Last night I attended a very good talk in Bilbao, Spain, by Félix Goñi, biochemist, and Joseba Zubia, physicist, at the University of País Vasco, on the topic of cellphone radiation. It was moderated by Luis Alfonso Gámez, member of the local Círculo Escéptico and head of CFI Spain. Interested spanish speakers can read a short article HERE.
The information they gave paralleled perfectly with what I recall reading in physicist Robert Park’s wonderful book Voodoo Science. Namely, that the power of electromagnetic radiation is inversely proportional to its wavelength, and that cellphone radiation is actually of longer wavelength and hence lower power than even visible light. As such it is incapable of breaking chemical bonds, and in particular incapable of causing mutations in DNA and hence cancer. All such radiation can do is to cause heating. This is the same sort of radiation (but at orders of magnitude lower intensity) as that of terrestrial radio or TV.
The regulations for these towers are keyed off of a maximum power, which is sufficient to cause a 1º celsius change in a human body. Then there is a correction factor of 50-100x, to account for the fact that there might be children, the elderly or infirm affected by such radiation. (The sun is capable of much greater changes in temperature on a sunny day).
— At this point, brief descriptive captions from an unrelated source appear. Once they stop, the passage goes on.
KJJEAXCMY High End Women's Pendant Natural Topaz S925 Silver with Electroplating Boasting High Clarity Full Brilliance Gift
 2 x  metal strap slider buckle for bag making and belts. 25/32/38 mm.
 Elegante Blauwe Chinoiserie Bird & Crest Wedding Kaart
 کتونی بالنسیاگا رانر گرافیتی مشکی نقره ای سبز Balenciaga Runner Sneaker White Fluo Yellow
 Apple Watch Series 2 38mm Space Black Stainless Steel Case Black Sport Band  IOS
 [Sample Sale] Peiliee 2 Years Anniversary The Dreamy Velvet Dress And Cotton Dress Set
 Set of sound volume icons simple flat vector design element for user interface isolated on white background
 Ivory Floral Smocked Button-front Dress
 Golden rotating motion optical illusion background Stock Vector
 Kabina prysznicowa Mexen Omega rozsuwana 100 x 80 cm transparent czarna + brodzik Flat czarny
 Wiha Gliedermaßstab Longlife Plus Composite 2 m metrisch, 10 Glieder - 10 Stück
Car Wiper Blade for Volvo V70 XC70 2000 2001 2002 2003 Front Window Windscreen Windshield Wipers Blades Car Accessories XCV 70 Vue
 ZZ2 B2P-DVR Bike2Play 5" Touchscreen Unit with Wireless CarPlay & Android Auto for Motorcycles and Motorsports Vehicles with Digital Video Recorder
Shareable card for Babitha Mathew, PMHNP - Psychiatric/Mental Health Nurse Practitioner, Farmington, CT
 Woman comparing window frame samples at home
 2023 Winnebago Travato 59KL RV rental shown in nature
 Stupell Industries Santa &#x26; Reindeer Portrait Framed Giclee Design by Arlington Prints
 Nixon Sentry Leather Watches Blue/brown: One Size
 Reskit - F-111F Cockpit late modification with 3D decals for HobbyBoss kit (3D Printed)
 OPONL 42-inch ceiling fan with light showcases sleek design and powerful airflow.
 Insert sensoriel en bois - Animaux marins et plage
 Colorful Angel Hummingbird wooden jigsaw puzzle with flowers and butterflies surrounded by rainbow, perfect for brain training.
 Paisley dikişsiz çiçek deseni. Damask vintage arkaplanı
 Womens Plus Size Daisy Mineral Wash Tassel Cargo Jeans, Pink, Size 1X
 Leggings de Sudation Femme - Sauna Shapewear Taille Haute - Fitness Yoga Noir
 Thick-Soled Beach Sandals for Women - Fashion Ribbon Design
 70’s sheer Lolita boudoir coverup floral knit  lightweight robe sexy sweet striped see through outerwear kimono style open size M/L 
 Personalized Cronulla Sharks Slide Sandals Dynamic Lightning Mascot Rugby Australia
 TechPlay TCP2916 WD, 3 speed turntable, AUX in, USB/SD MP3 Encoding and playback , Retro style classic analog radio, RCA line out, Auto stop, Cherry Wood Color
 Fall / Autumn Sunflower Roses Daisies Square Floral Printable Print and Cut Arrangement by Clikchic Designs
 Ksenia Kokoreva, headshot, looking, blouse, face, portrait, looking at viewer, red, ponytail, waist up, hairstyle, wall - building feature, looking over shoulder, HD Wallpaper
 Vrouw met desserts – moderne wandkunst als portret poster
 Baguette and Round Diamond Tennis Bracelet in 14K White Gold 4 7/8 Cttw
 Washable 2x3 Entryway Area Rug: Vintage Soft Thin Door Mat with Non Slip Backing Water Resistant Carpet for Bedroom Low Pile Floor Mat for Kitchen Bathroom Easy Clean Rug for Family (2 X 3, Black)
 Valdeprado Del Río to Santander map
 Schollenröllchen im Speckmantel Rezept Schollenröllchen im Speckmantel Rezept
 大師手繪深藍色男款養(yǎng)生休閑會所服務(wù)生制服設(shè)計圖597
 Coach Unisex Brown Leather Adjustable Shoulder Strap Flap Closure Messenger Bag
Added to that is the fact that most of us are quite distant from such cellphone towers, and we can see that there is no cause for alarm. Neither is there cause for alarm from cellphone handsets, since once again the radiation involved is only capable of heating and not of breaking chemical bonds.
Reaction from the audience was dismayingly fierce, as many had clearly made up their minds that various illnesses they suffer from were due to cellphone towers in their neighborhood. They were not going to be convinced otherwise, no matter the evidence. Gámez allowed them their time, which was frustrating for those of us inherently opposed to gratuitous insults of eminent scientists and displays of scientific illiteracy, however in the long run it was for the best.